▶ _DATASET EXTRACT_
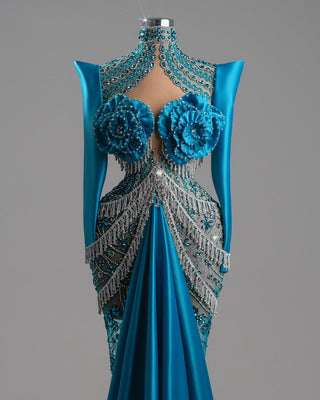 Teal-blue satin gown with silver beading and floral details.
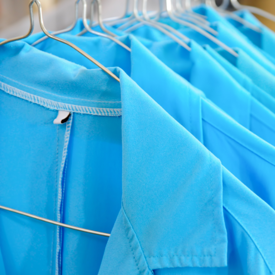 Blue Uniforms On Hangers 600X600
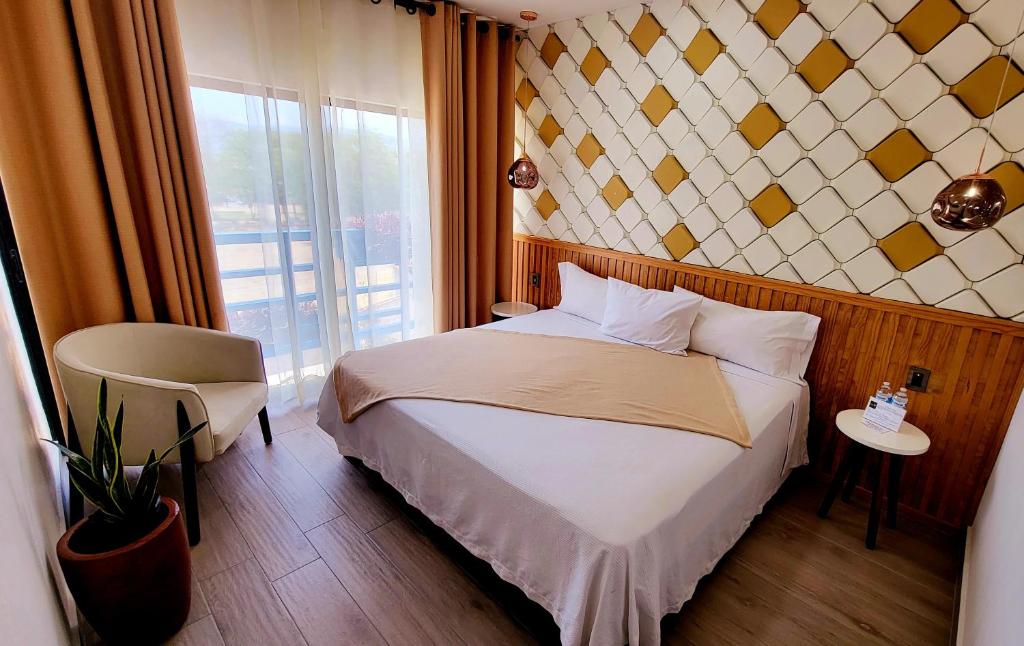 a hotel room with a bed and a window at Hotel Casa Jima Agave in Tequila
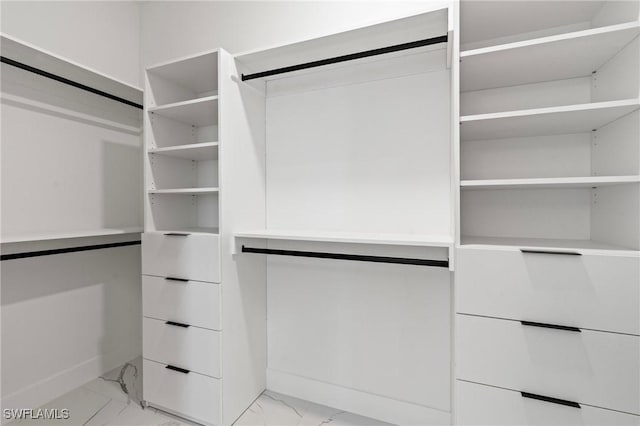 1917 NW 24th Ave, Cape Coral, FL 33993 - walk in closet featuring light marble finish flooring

▶ _DIRECTIONS_
Output only these lines, word for word: the line containing "Blue Uniforms On Hangers 600X600" and every line after it through the last line of the data. Omit the pictures.

▶ _EXERCISE OUTPUT_
 Blue Uniforms On Hangers 600X600
 a hotel room with a bed and a window at Hotel Casa Jima Agave in Tequila
 1917 NW 24th Ave, Cape Coral, FL 33993 - walk in closet featuring light marble finish flooring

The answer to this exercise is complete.